- _TASK TO COMPLETE_
Your copy should repeat each record below exactly and contain no images.

- _PROVIDED DATA_

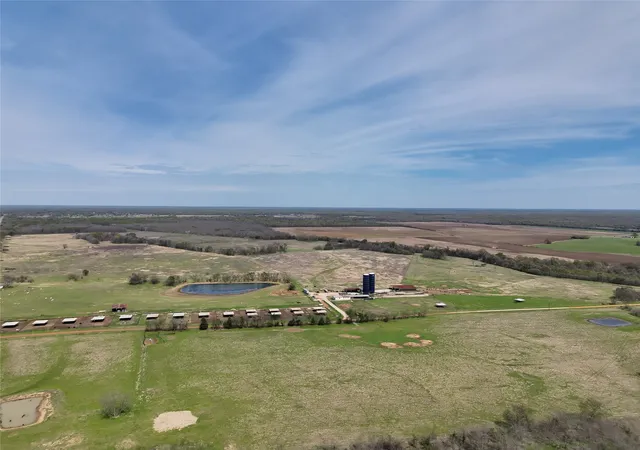 Photo 3 of Land for sale at 395 Hwy 37, Mount Vernon, TX 75457 | MLS# 21220818 | Listing updated on 2026-07-08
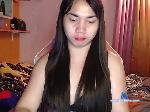 SexyAsian4u69 bongacams livecam show performer room profile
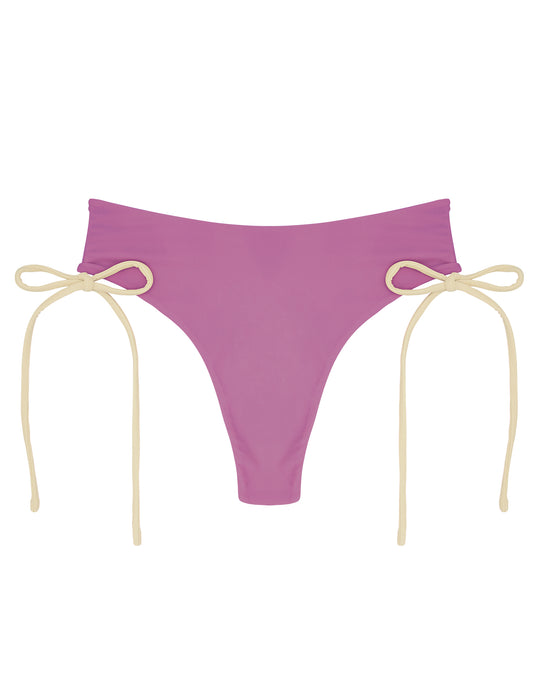 水着 ビキニ 通販【公式】RESELVES（リセルブス）オンラインストア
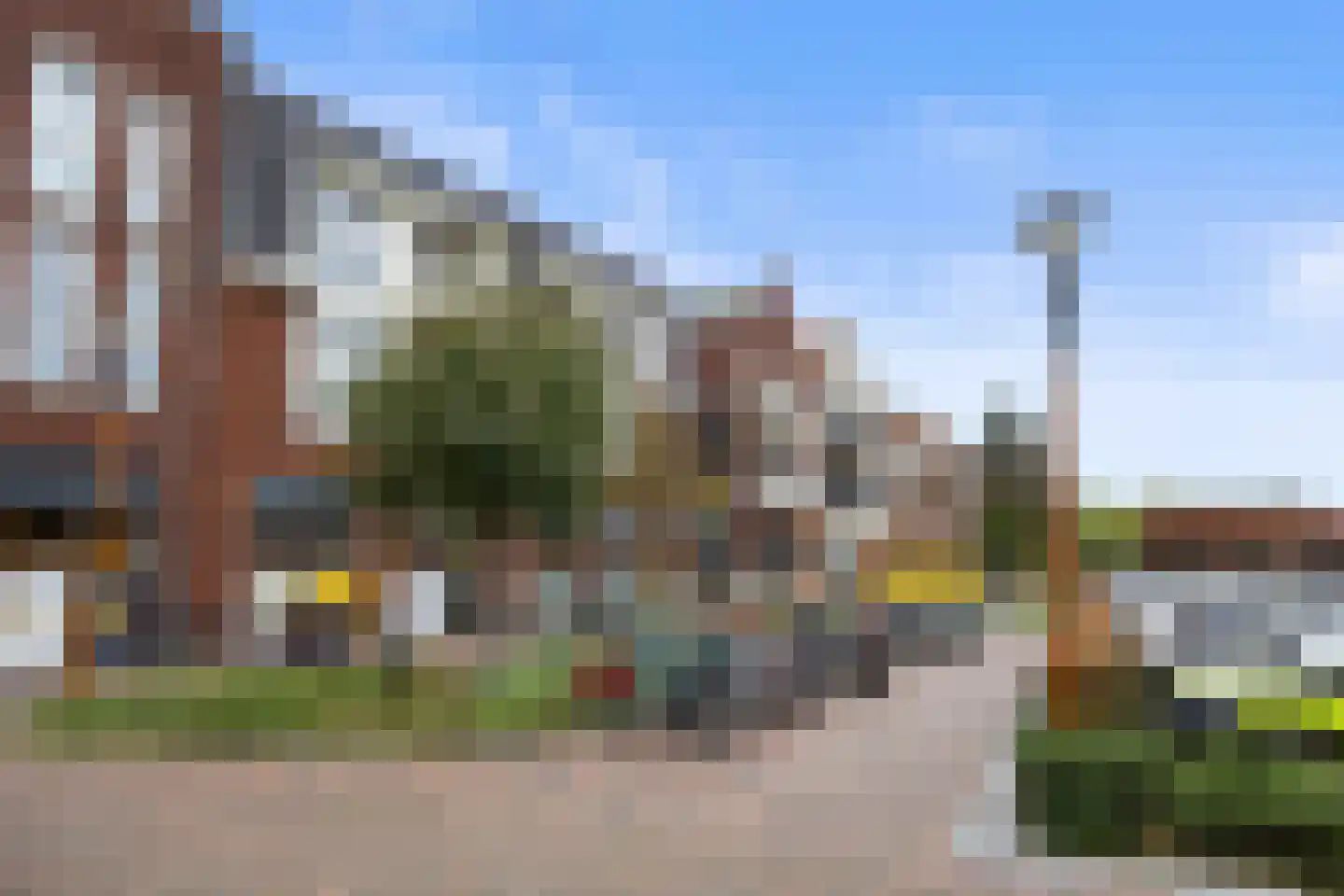 Sint Catharinastraat 3 E Vlijmen thumbnail 27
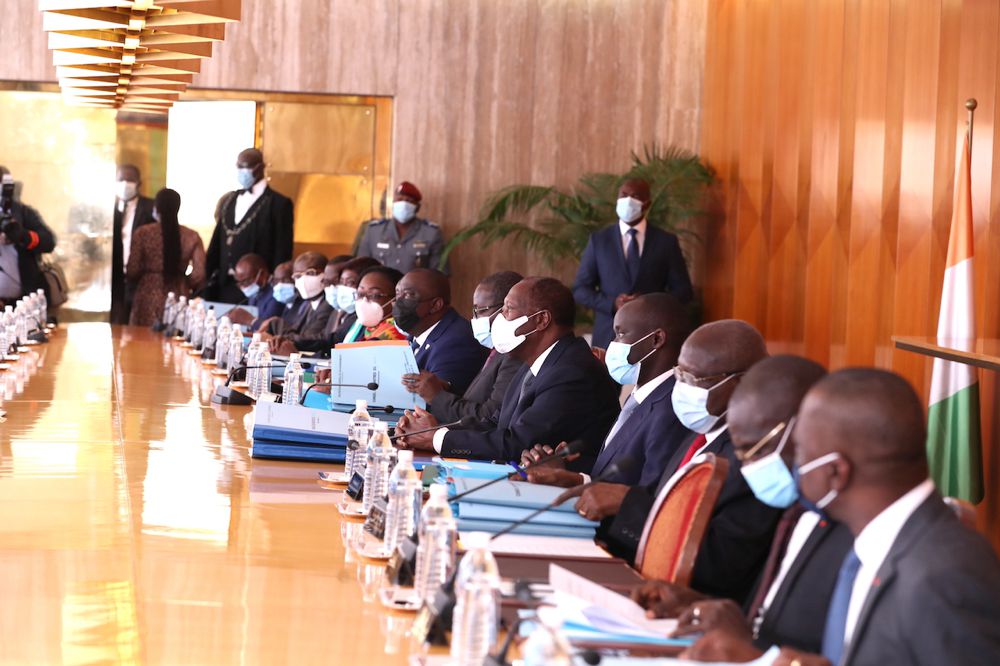 Conseil_ministre_rentree_08092021_Prado_Abidjan_RCI_CIV_2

- _ANSWER AREA_
 Photo 3 of Land for sale at 395 Hwy 37, Mount Vernon, TX 75457 | MLS# 21220818 | Listing updated on 2026-07-08
 SexyAsian4u69 bongacams livecam show performer room profile
 水着 ビキニ 通販【公式】RESELVES（リセルブス）オンラインストア
 Sint Catharinastraat 3 E Vlijmen thumbnail 27
 Conseil_ministre_rentree_08092021_Prado_Abidjan_RCI_CIV_2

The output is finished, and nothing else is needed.